**RECORDS FOR THE EXERCISE**
..............................

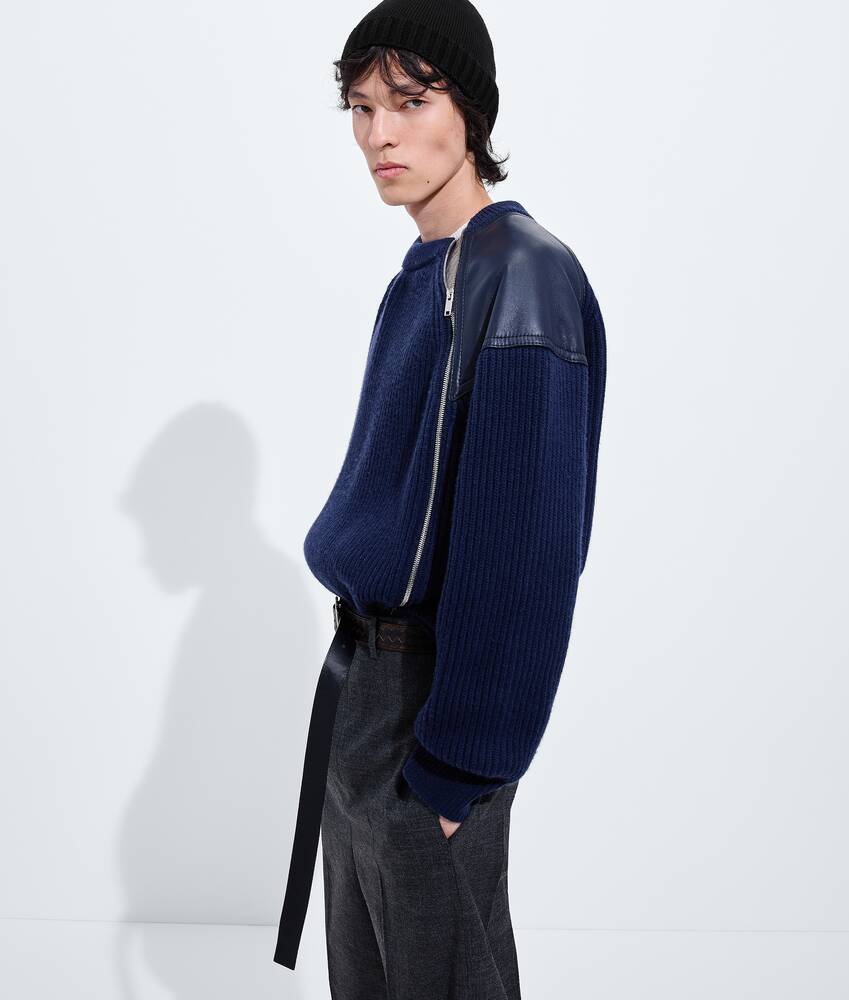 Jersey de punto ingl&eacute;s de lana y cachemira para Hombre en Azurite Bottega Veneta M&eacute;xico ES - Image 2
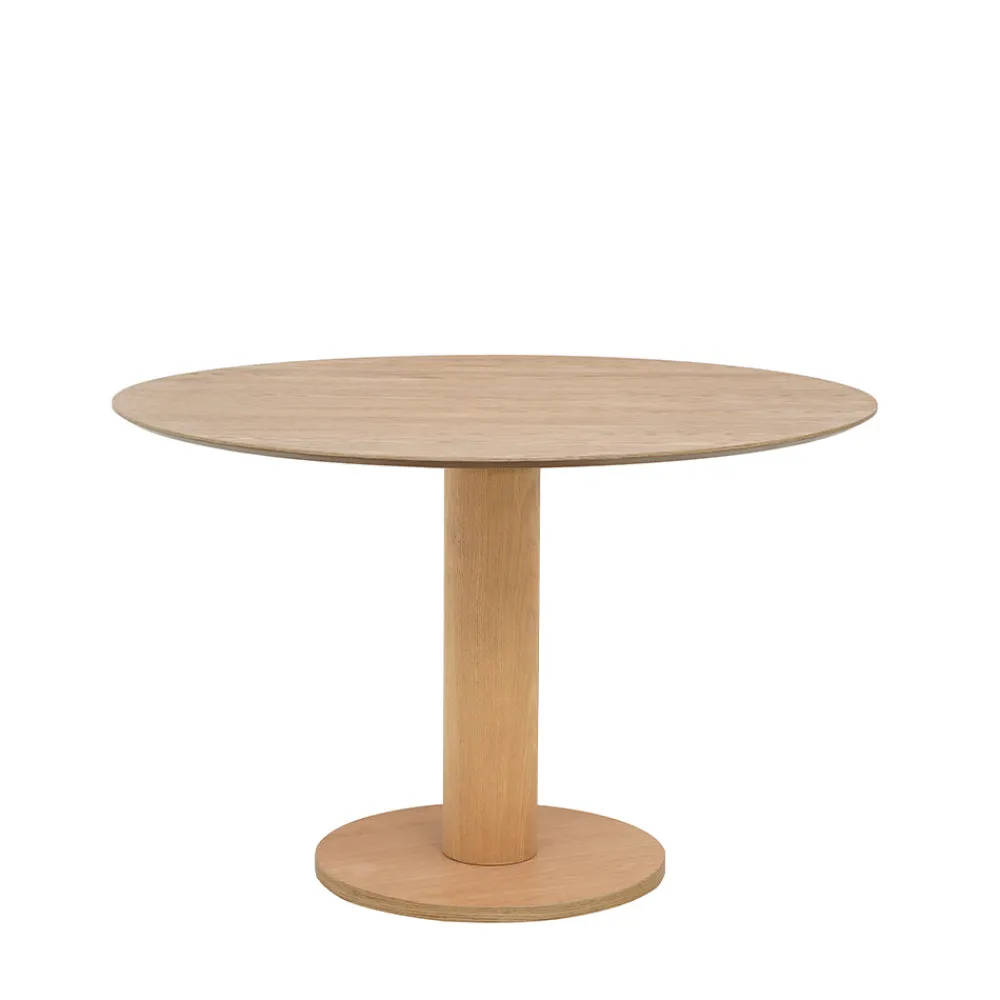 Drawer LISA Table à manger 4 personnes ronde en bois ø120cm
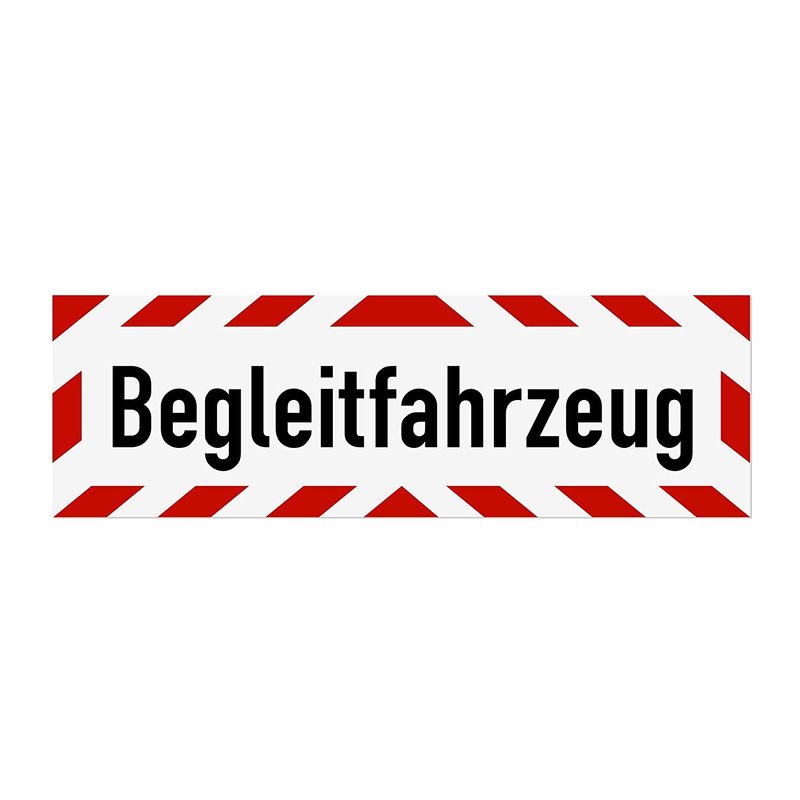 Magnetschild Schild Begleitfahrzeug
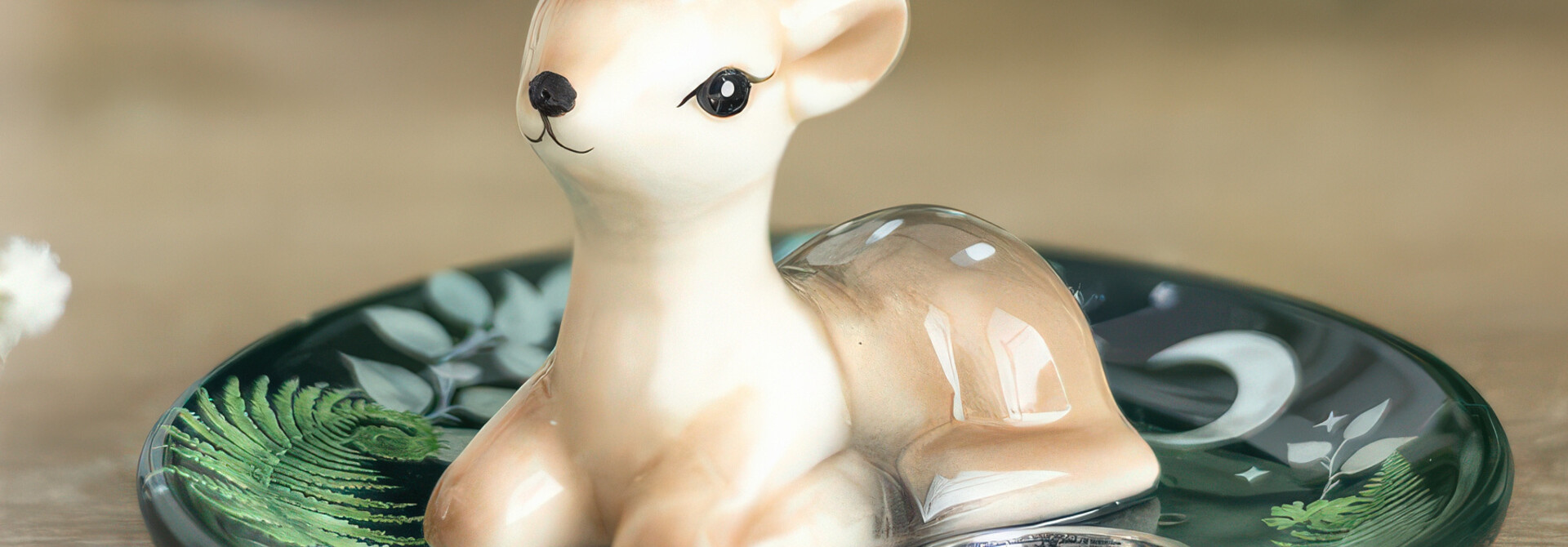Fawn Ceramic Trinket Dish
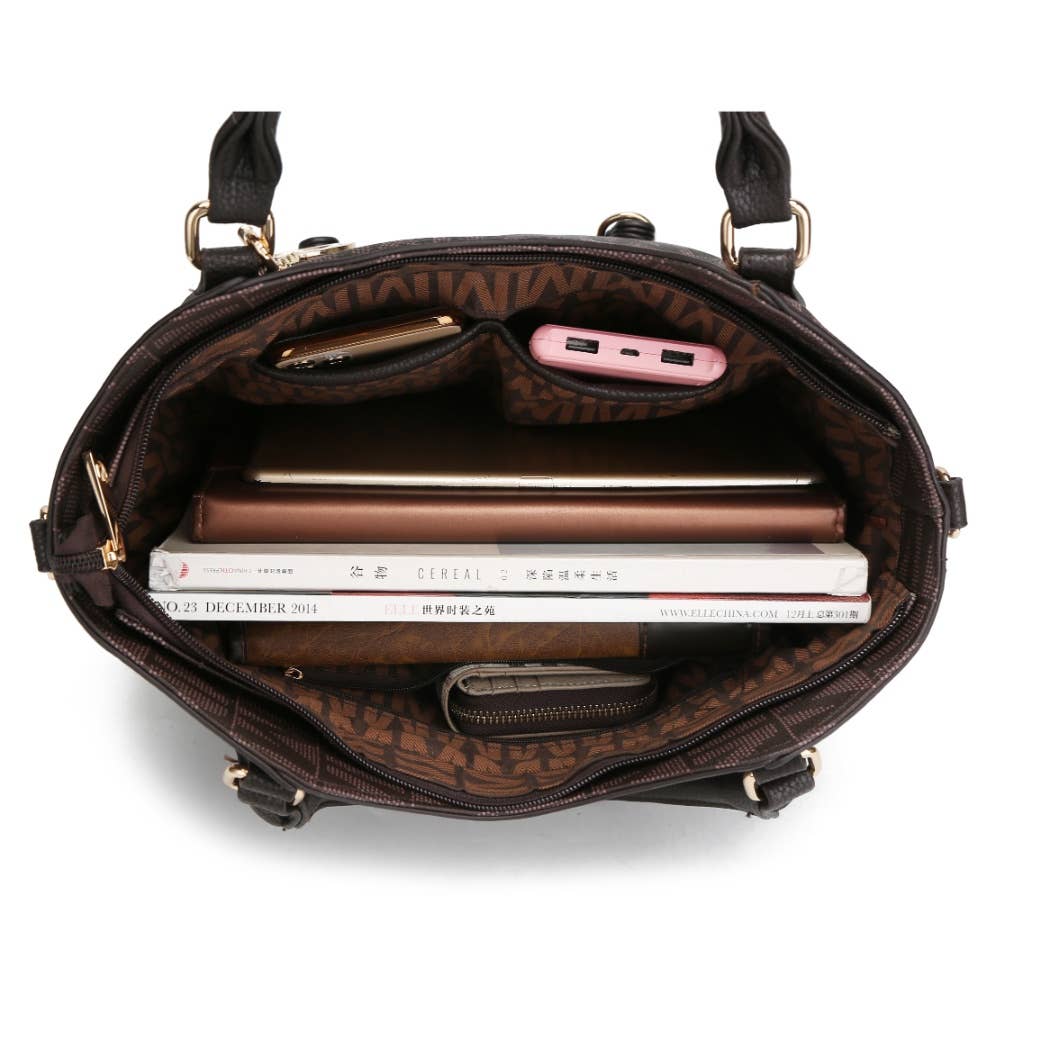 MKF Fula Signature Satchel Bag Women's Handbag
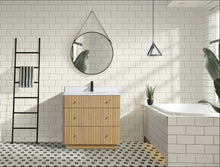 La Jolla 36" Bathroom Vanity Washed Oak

..............................

**EXERCISE OBJECTIVE**
The job here is to retype the data exactly, with no pictures included.

**YOUR RESPONSE**
 Jersey de punto ingl&eacute;s de lana y cachemira para Hombre en Azurite Bottega Veneta M&eacute;xico ES - Image 2
 Drawer LISA Table à manger 4 personnes ronde en bois ø120cm
 Magnetschild Schild Begleitfahrzeug
Fawn Ceramic Trinket Dish
 MKF Fula Signature Satchel Bag Women's Handbag
 La Jolla 36" Bathroom Vanity Washed Oak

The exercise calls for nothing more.